> DIRECTIONS FOR THIS TASK
After finding the line with "Pearlite cream with L-Glutathione." in the entries below, retype exactly each line from there through the line with "Maison vente à Rendeux, Wallonie", including that final line.

> DATA FOR PROCESSING

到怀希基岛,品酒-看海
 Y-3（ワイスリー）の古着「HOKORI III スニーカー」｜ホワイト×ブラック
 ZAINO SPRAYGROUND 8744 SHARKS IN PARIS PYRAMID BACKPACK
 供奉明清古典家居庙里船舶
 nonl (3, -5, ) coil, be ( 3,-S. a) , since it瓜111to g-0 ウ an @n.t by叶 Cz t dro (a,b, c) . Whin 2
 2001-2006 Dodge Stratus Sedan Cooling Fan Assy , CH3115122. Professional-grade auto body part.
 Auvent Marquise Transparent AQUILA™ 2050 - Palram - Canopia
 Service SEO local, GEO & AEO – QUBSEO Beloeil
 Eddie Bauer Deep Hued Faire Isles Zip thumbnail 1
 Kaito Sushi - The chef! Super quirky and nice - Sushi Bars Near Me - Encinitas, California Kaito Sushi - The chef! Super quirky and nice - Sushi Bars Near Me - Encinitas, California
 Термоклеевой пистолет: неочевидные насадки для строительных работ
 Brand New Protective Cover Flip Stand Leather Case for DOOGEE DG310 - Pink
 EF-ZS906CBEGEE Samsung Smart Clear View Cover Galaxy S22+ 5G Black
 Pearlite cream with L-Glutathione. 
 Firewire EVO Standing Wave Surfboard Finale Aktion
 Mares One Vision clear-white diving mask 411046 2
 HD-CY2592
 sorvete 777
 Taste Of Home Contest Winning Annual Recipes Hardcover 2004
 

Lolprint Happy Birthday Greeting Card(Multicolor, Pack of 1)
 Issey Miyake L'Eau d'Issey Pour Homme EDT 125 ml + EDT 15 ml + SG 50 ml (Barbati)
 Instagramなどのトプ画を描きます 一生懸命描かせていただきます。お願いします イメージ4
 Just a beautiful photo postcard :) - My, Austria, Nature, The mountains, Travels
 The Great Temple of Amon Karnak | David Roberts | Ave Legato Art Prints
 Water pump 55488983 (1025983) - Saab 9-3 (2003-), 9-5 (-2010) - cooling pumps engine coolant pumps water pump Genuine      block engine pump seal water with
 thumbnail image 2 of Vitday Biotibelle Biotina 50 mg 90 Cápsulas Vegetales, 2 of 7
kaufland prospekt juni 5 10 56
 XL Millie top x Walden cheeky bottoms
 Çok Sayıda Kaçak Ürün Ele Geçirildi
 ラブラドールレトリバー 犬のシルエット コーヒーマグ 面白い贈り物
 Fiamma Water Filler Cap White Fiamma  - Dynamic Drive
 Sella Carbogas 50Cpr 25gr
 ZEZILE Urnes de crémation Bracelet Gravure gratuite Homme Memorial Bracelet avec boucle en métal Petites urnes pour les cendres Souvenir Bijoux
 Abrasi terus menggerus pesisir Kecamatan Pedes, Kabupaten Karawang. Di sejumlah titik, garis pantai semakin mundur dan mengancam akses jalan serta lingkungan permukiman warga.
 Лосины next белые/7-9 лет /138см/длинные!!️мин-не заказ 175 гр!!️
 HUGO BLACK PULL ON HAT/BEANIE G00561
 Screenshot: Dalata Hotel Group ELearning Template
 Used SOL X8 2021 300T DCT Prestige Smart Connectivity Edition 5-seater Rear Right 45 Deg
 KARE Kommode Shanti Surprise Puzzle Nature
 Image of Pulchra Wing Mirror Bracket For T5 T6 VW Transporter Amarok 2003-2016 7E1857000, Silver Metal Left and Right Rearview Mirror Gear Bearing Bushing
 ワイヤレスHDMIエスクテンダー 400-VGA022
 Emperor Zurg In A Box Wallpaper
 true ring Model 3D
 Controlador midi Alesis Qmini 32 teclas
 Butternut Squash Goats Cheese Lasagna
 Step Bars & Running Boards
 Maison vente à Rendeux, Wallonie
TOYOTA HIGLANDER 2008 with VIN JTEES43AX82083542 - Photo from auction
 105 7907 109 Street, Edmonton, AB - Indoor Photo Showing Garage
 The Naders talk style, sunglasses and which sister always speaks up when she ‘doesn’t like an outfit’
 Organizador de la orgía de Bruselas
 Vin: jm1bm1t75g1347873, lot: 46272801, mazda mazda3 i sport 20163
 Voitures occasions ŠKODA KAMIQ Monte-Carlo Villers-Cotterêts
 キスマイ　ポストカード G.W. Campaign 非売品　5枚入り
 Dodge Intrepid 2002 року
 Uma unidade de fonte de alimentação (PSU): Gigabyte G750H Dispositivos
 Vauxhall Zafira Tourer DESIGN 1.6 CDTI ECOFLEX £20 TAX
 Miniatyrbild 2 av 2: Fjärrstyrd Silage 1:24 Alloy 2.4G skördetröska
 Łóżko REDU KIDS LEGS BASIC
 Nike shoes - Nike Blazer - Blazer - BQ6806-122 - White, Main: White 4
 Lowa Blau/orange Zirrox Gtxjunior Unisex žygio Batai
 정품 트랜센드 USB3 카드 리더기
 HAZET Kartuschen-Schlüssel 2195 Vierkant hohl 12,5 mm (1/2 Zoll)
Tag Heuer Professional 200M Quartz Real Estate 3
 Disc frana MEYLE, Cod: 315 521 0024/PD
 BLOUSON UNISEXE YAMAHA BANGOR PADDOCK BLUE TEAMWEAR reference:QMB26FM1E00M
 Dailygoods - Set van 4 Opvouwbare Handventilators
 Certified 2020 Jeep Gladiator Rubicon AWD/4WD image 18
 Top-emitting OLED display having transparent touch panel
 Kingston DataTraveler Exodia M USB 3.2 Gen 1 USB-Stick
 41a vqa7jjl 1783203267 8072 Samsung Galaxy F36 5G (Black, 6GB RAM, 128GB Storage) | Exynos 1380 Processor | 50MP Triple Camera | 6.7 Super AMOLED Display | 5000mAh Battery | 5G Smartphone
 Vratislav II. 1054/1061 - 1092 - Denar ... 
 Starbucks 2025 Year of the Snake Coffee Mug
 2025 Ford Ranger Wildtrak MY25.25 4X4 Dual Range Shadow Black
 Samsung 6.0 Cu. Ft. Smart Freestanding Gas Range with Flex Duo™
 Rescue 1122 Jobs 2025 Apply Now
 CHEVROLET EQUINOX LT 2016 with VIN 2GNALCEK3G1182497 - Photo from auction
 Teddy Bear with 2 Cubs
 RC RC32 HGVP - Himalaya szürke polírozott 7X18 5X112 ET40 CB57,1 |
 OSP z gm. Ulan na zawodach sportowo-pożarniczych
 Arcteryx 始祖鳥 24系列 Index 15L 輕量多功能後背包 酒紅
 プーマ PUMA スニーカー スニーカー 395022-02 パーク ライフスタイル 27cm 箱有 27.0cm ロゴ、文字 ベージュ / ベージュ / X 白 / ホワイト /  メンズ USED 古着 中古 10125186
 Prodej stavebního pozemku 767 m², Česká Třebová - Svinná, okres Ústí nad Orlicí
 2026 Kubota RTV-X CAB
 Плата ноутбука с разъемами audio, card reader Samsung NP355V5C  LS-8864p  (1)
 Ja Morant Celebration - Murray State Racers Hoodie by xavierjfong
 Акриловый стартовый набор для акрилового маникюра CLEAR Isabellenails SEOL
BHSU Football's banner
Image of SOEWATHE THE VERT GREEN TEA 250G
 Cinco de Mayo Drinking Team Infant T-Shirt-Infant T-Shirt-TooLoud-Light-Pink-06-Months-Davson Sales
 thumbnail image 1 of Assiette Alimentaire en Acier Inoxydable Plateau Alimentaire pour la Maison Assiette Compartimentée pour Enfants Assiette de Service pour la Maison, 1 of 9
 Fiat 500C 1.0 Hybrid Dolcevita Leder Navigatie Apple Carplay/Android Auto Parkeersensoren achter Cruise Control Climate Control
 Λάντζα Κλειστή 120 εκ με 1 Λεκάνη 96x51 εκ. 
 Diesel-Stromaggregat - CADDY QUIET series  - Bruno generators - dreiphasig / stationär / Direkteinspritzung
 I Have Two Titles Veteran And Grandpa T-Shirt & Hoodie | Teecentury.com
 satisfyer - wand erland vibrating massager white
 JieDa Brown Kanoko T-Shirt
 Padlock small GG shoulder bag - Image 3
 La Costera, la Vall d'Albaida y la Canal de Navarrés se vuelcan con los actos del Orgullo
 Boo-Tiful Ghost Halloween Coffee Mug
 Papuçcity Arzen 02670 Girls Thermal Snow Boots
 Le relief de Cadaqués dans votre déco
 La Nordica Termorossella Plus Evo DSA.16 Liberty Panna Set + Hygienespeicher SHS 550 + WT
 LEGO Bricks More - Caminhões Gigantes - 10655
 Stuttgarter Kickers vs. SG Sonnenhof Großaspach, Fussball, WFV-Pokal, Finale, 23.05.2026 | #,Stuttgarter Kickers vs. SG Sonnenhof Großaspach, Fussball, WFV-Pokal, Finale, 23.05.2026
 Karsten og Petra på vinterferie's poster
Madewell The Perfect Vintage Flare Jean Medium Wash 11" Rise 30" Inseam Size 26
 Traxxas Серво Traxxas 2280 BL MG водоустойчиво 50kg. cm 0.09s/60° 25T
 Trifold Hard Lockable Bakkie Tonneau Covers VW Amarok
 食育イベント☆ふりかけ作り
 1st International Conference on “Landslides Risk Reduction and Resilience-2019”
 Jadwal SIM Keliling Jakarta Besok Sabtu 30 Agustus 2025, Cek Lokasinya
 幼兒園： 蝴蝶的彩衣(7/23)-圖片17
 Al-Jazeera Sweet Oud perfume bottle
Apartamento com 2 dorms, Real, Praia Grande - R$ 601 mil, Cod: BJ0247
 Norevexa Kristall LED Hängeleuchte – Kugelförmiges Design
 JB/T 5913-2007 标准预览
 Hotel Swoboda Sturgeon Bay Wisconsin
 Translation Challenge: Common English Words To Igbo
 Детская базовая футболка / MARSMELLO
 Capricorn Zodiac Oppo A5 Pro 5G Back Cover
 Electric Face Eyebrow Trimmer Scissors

> PROBLEM SOLUTION
 Pearlite cream with L-Glutathione. 
 Firewire EVO Standing Wave Surfboard Finale Aktion
 Mares One Vision clear-white diving mask 411046 2
 HD-CY2592
 sorvete 777
 Taste Of Home Contest Winning Annual Recipes Hardcover 2004
 

Lolprint Happy Birthday Greeting Card(Multicolor, Pack of 1)
 Issey Miyake L'Eau d'Issey Pour Homme EDT 125 ml + EDT 15 ml + SG 50 ml (Barbati)
 Instagramなどのトプ画を描きます 一生懸命描かせていただきます。お願いします イメージ4
 Just a beautiful photo postcard :) - My, Austria, Nature, The mountains, Travels
 The Great Temple of Amon Karnak | David Roberts | Ave Legato Art Prints
 Water pump 55488983 (1025983) - Saab 9-3 (2003-), 9-5 (-2010) - cooling pumps engine coolant pumps water pump Genuine      block engine pump seal water with
 thumbnail image 2 of Vitday Biotibelle Biotina 50 mg 90 Cápsulas Vegetales, 2 of 7
kaufland prospekt juni 5 10 56
 XL Millie top x Walden cheeky bottoms
 Çok Sayıda Kaçak Ürün Ele Geçirildi
 ラブラドールレトリバー 犬のシルエット コーヒーマグ 面白い贈り物
 Fiamma Water Filler Cap White Fiamma  - Dynamic Drive
 Sella Carbogas 50Cpr 25gr
 ZEZILE Urnes de crémation Bracelet Gravure gratuite Homme Memorial Bracelet avec boucle en métal Petites urnes pour les cendres Souvenir Bijoux
 Abrasi terus menggerus pesisir Kecamatan Pedes, Kabupaten Karawang. Di sejumlah titik, garis pantai semakin mundur dan mengancam akses jalan serta lingkungan permukiman warga.
 Лосины next белые/7-9 лет /138см/длинные!!️мин-не заказ 175 гр!!️
 HUGO BLACK PULL ON HAT/BEANIE G00561
 Screenshot: Dalata Hotel Group ELearning Template
 Used SOL X8 2021 300T DCT Prestige Smart Connectivity Edition 5-seater Rear Right 45 Deg
 KARE Kommode Shanti Surprise Puzzle Nature
 Image of Pulchra Wing Mirror Bracket For T5 T6 VW Transporter Amarok 2003-2016 7E1857000, Silver Metal Left and Right Rearview Mirror Gear Bearing Bushing
 ワイヤレスHDMIエスクテンダー 400-VGA022
 Emperor Zurg In A Box Wallpaper
 true ring Model 3D
 Controlador midi Alesis Qmini 32 teclas
 Butternut Squash Goats Cheese Lasagna
 Step Bars & Running Boards
 Maison vente à Rendeux, Wallonie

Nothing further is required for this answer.